I had planned on spending the afternoon preparing, and so I made my way home early from work.  I whistled merrily as I got out of my car and strolled towards the house, little knowing how much temptation lurked inside the front door.


First, it was the cutting board from Tuesday's watermelon - sitting in the sink, still tarnished with white seeds and a chuck of rind that never made it to the rubbish bin.  Dang.  I can't prepare for a lesson on leading us not into temptation and just pass by a sink full of my own dirty dishes.  So I washed it.


Next, it was the brownies.  I hadn't eaten any snacks yet, so I ate the first one without a second thought.  No problem.  The next one was a little less justified, but tasty anyways, and if it turned out that I later regretted it, I could just use that as an example for giving into temptation.


My taste buds and stomach fully satisfied, I made it past the kitchen and into the dining room.  


Zebra Cakes.  


They were sitting there on the counter all alone, like some poor orphan who'd been neglected for the greater part of his natural life.  But no.  That would just be shameful - stuffing my face with pure tasty goodness while preparing my heart to talk to the children about God's power to provide a way out in those times of temptation.  "No temptation has befallen you other than that which is common to man."  Zebra Cakes are certainly common to man. So I passed them by.


I sat on the couch to read from the Good Book and quickly found myself tilting towards the horizontal state.  Before long I was on my back, eyes half closed, with Benji's dino pillow secured comfortably behind my neck.  Lead us not..... tem...ta.......t..........

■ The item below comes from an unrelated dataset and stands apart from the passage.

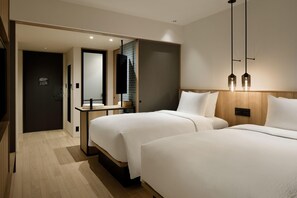 A modern hotel room with two beds, a wooden headboard, a bedside table, and a mirror. - Fairfield By Marriott Kumamoto Aso (Aso)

I jumped to my feet.  Just another epic failure of a role-model I was, sleeping on the job.  So I walked around to get the blood flowin' and the mind churnin'.  Things were on the up and up for a while, until...


Zebra Cakes.


This time, I gave right in.  Without a thought to the lesson I was teaching or the book I was reading, I grabbed the box with greedy fingers and turned it upside down.  Shake.  I feared the worst.  Shake.  I dropped my jaw.  Shake.  No Zebra Cakes.  Not even one.


The box was empty all along.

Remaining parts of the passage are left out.